» The problem
For this exercise, reproduce only the lines from the one holding "Photo of property" through the final line of the data below, exactly, and omit pictures.

*** Opening of Supplied data ***

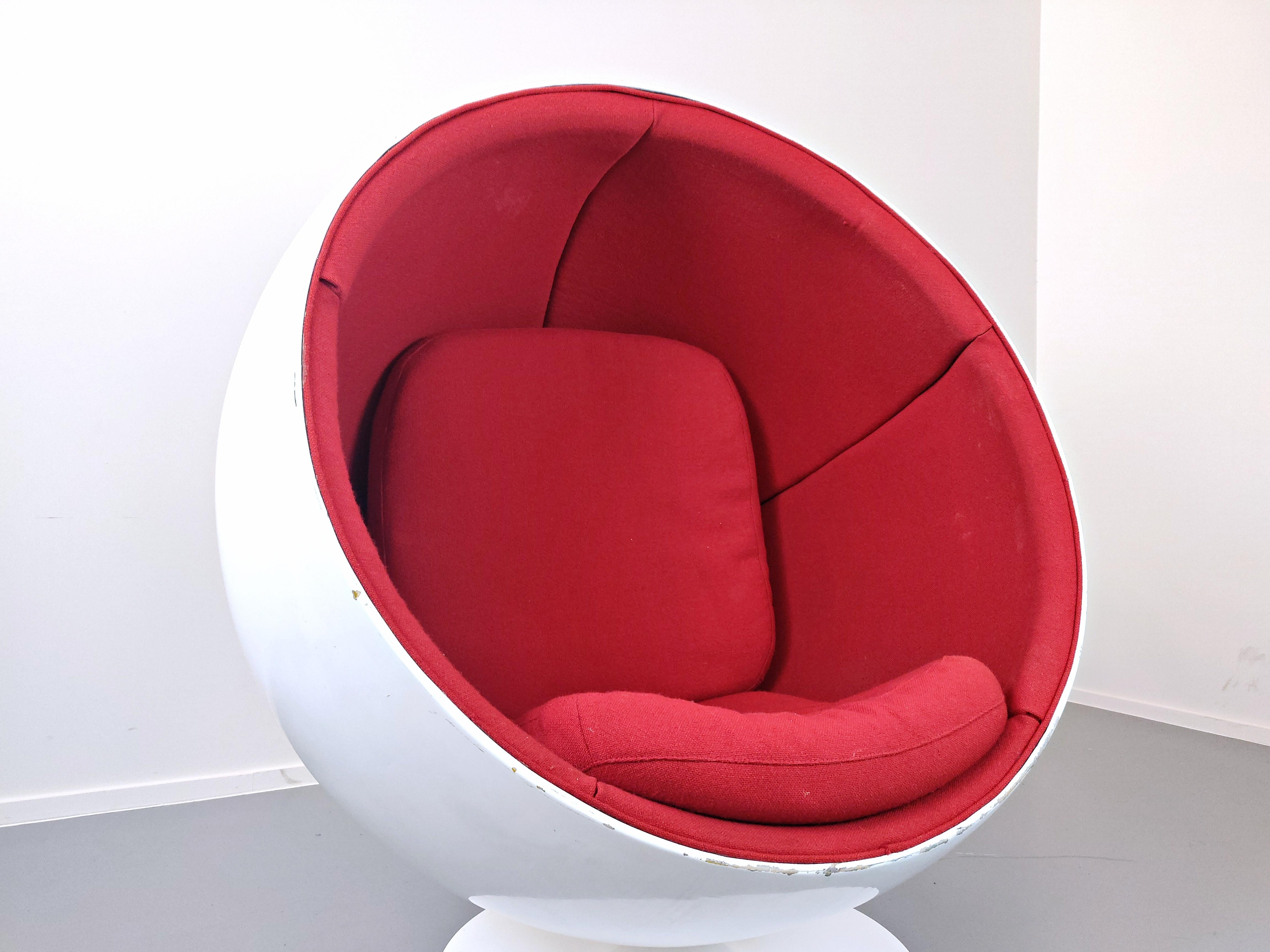 Swivel ball chair attributed to Eero Aarnio.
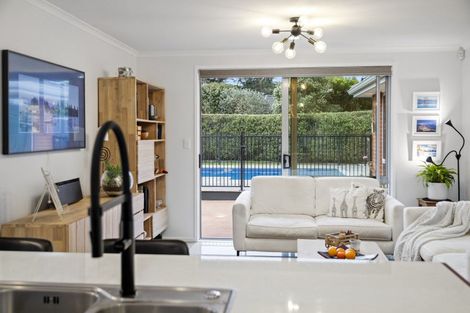 Photo of property in 10 Searle Drive, Patumahoe, Pukekohe, 2679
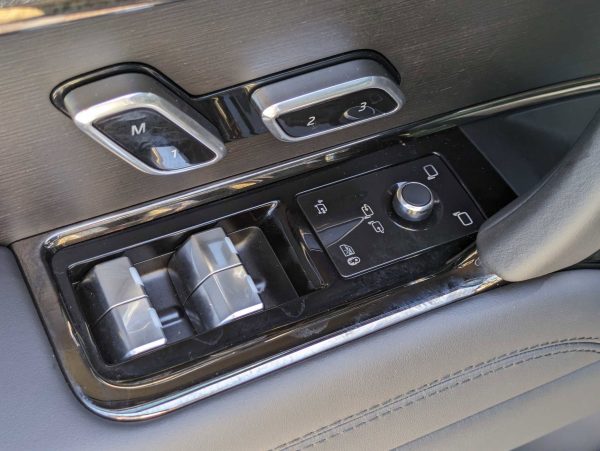 c06f7cbf86dd4e62b10c13d50de57432 2023 Land Rover Range Rover Sport SE Dynamic 4WD
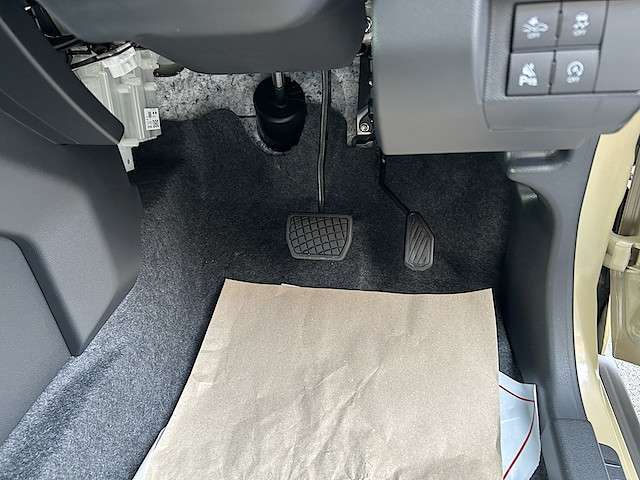 ダイハツ タフト ６６０ Ｇ ダーククロム ベンチャー ４ＷＤ R7年 () 99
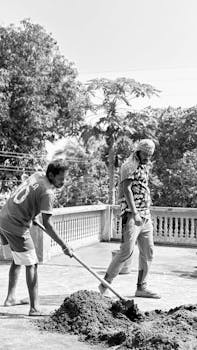  短视频平台医疗内容走偏；代表委员建言严管；公益科普需重塑秩序。 健康养生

*** Close of Supplied data ***

» Task output
 Photo of property in 10 Searle Drive, Patumahoe, Pukekohe, 2679
 c06f7cbf86dd4e62b10c13d50de57432 2023 Land Rover Range Rover Sport SE Dynamic 4WD
 ダイハツ タフト ６６０ Ｇ ダーククロム ベンチャー ４ＷＤ R7年 () 99
  短视频平台医疗内容走偏；代表委员建言严管；公益科普需重塑秩序。 健康养生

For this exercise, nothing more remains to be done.